Nomura Sayaka, Endo-Umeda Kaori, Fujii Shinya, Makishima Makoto, Hashimoto Yuichi, Ishikawa Minoru
Institute of Molecular and Cellular Biosciences, The University of Tokyo, 1-1-1 Yayoi, Bunkyo-ku, Tokyo 113-0032, Japan.
Nihon University School of Medicine, 30-1 Oyaguchi-kamicho, Itabashi-ku, Tokyo 173-8610, Japan.
Bioorg Med Chem Lett. 2018 Feb 15;28(4):796-801. doi: 10.1016/j.bmcl.2017.12.024. Epub 2017 Dec 13.

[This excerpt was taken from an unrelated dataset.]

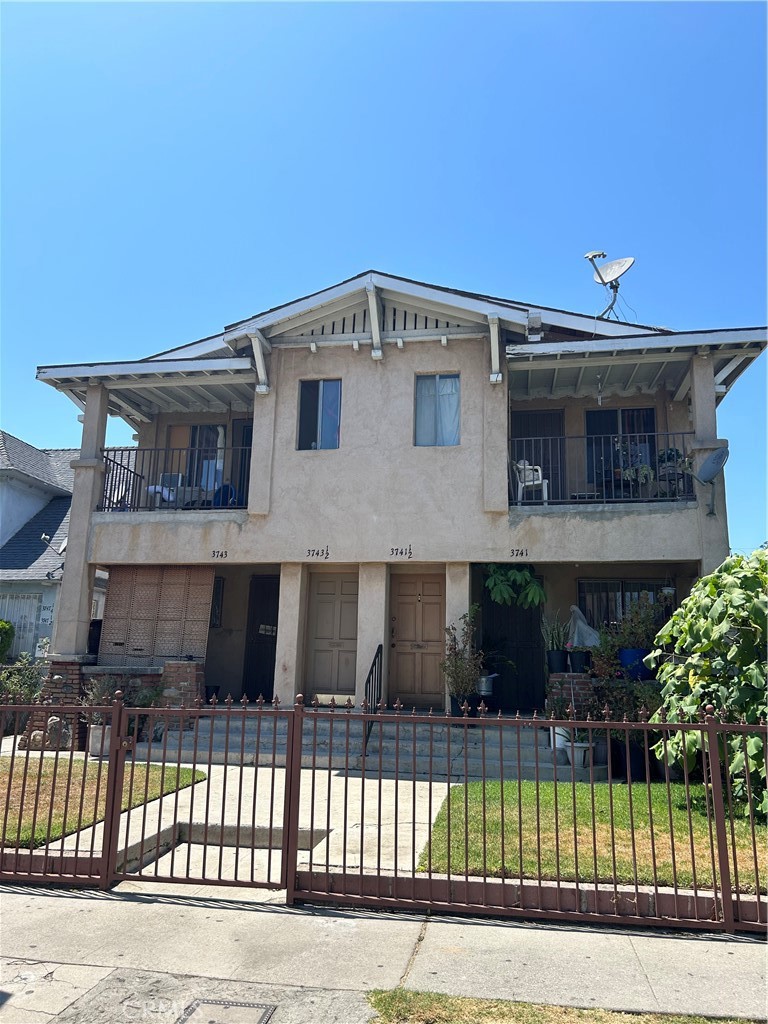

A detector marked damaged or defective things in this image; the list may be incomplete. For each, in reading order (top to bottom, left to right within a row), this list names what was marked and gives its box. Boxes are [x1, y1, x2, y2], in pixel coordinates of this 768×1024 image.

rusty iron fence [0, 696, 764, 936]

LXRβ-selective agonists are promising candidates to improve atherosclerosis without increasing plasma or hepatic TG levels. We have reported a series of tetrachlorophthalimide analogs as an LXRβ-selective agonist. However, they exhibited poor aqueous solubility probably due to its high hydrophobicity and highly rigid and plane structure. In this report, we present further structural development of tetrachloro(styrylphenyl)phthalimides as the LXRβ-selective agonists with improved aqueous solubility.
LXRβ选择性激动剂是有望在不增加血浆或肝脏甘油三酯水平的情况下改善动脉粥样硬化的候选药物。我们已报道了一系列四氯邻苯二甲酰亚胺类似物作为LXRβ选择性激动剂。然而,它们表现出较差的水溶性,这可能是由于其高疏水性以及高度刚性和平坦的结构。在本报告中,我们展示了四氯(苯乙烯基苯基)邻苯二甲酰亚胺作为具有改善水溶性的LXRβ选择性激动剂的进一步结构开发。